Yaroslava Shvedova, according to the WTA, is the first woman in the open era of tennis to record a golden set. As The New York Times and other news outlets reported, Shvedova won 23 points in a row in a match in Memphis in 2006 against Amy Frazier but double-faulted on the 24th point. Just as incredibly, Frazier went on to win the match 1-6, 6-0, 6-0. The Memphis tournament was played indoors, where bad bounces are less likely than they are on grass or clay.

According to records, there was a golden set in men's tennis in the 1980s by Bill Scanlon.

Most of us hackers have been blanked without winning a game many times because we wind up in a mismatch somewhere along the line, especially before the advent of so many age divisions and skill levels. But when the players are reasonably matched, much less professionals, a golden set is about as rare as a perfect game in baseball.

Here's what a sampling of tennis, squash, and racquetball players had to say about the golden set in their respective sports. For non-players, in racquetball, the server stays "side in" until he or she loses a point, so a long run and an occasional shutout is not all that rare because you can only score when serving. In squash, the old rule was side-in, side-out and the games were to nine points, so the loser of a 9-0 game could win several rallies but no points. Under the new scoring system called Point A Rally (PAR), the game is to 11, and the receiver can break a run by scoring immediately on the return of serve because the serve is typically not an offensive shot as it is in tennis and racquetball.

Randy Stafford, former racquetball pro: "I have never heard of donuts given at the highest level of racquetball to win the match. Several decades ago I lost the third game tiebreaker 21-0 to Charlie Brumfield at the Top 16 Invitationals. He never let up and was taunting me during the tiebreaker and yelled "God's will" at the end of the match. Three years ago at the nationals I gave a donut to this guy in the quarters of the 50's. He was and still is a good friend mine. At the high level of a sport if you can beat someone zip zip go for it and don't look back. I did not yell at him after my match but I felt very satisfied with my play. In the finals two days later Ruben Gonzalez clocked me. I felt very fortunate he did not give ME a donut. There is always a better six-gun out there so take no prisoners when you can."

Al Wise, Memphis tennis player: "A friend told me 30 years ago that a golden set on clay was the ultimate versus other tennis surfaces, because of the unlucky bad bounce/tape bounce that happens on clay. My response at the time was that the grass surface, because of the slickness and bad bounce funkiness, was the ultimate, but now the grass surface is not so slick. A tennis golden set in my opinion, compared to other sport's golden games, is very difficult in that each player has the opportunity to hit a FREE SHOT, the tennis serve."
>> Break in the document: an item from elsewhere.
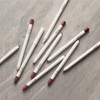 Julep With a Trace Retractable Creamy Long-Lasting Lip Liner, Velvet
Peter Lebedevs, former tennis teaching pro and current tournament director of the Regions Morgan Keegan Championships ATP tournament and WTA International Championship in Memphis: "There has been one on the ATP by Bill Scanlon, I believe it was in a tournament in Dallas. At the professional level you cannot try junk to win the point because it wouldn’t work. In men’s tennis with the serve as big as it is, that is a very tough thing that a player of similar level could not win one of 12 points. Winning 24 points straight is very tough. A perfect game in baseball is probably easier because hitting itself is very difficult. A hitter with a .300 batting average is great yet he fails 70% of the time. Good tennis players do not fail 70% of the time on a any day."

Speaking for myself, I have been bageled and double-bageled (6-0, 6-0) in tennis more times than I can remember but always won a few points each set. Before I'd give up a golden set I'd try every trick shot, trick knee, and just plain trick in the arsenal, including feigning an injury. In racquetball, Bill Tanner and I once teamed up two-on-one against Andy Roberts, the future World No. 1 player. We won the first two points, then Andy got half-serious and beat us 21-2 and won 21 in a row. In squash, I've lost games 11-0 and then won the next game 11-1 or 11-2, and vice versa.
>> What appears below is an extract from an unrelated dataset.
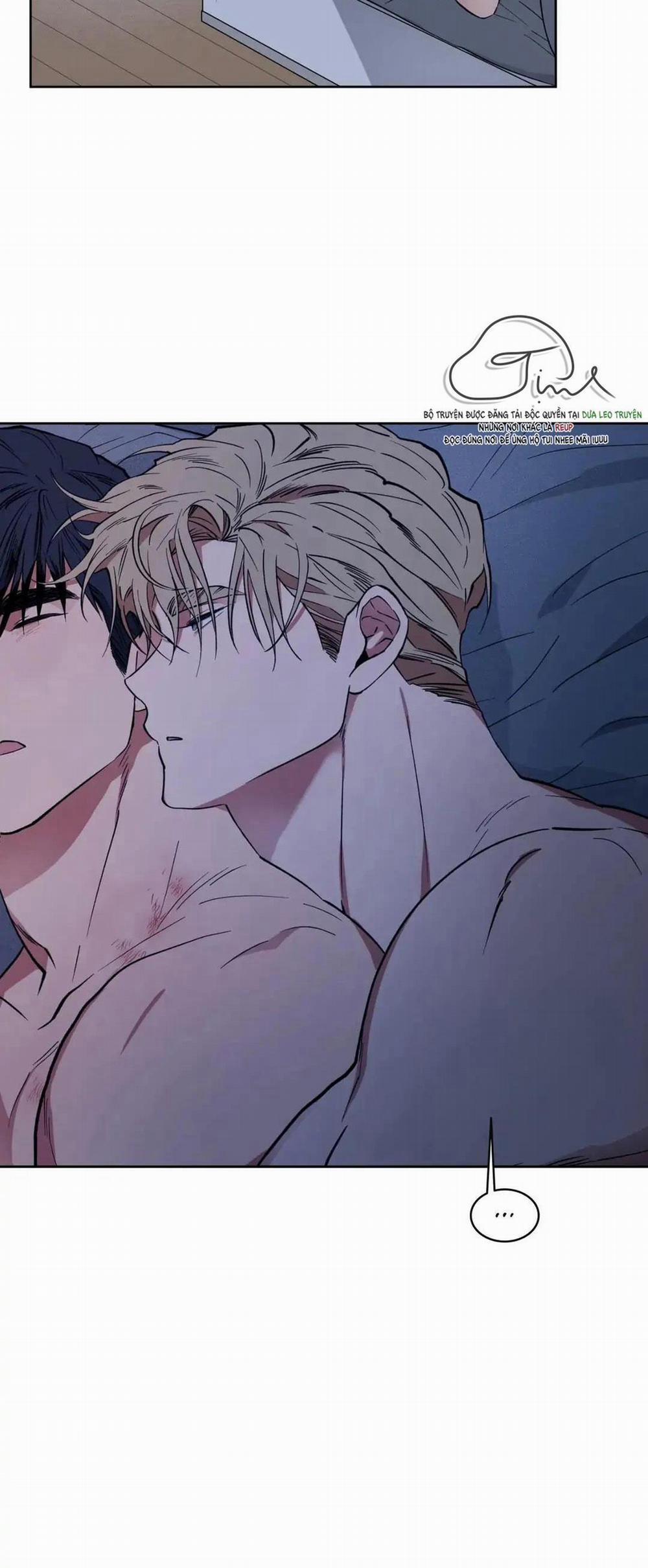 Love Plan 6 trang 66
Oh, and the name of the company that is majority owner of the Memphis Racquet Club? Golden Set Holdings.

UPDATED: For the math minded, this from Memphis tennis player and super math teacher at Memphis University School Nancy Gates:

"Given any tennis match where the players are even with each having a 50% chance of winning each point, the probability that one of the two players wins a golden set is ½^23 = 1/8,388,608 = 000000119… (Note that it doesn’t matter who wins the first point, but the next 23 point must be won by the same player, thus ½^23.) I have no idea how many professional matches are played per year, but let’s say there are 10,000 matches (I think that’s high.), then the probability of a golden set in any given year with an even match up on each point is .00119 and it should be expected that there would be one golden set won in a period of 840 years – pretty rare.

"But it is more likely that the probability of winning on a serve is greater than the probability of winning on a return. Let’s say each player has a 70% chance of winning on his serve and a 30% chance of winning on a return. Then the probability of a golden set in any given match is (.3)^12*(.7)^12 + (.3)^12*(.7)^12 = 2*(.3)^12*(.7)^12 =.0000000147…, which makes a golden set even less likely.

"Let’s make another assumption. Let’s suppose that every pairing is lopsided with one player having a 70% chance of winning on each of his serves and a 60% chance of winning on each return. This time, I want the probability that the better player will win a golden set, so that person must win the first point and all the other 23 points, giving him a probability of (.7)^12)*(.6)^12 = .00003… of winning a golden set. The probability that the weaker player would win a golden set is .0000000000089…, which is negligible. Let’s say all 10,000 of the yearly pairings are of that nature (of course, that’s not true), then there should be a probability of .3… of a golden set occurring in a year and we should expect a golden set every 3 years or so. In all likely, there are probably no more than say 500 such pairings, giving us the expectation that a golden set with that type of pairing would occur every 60 years or so.

"This is interesting to try to analyze, but I guess the point is that “it ain’t easy.”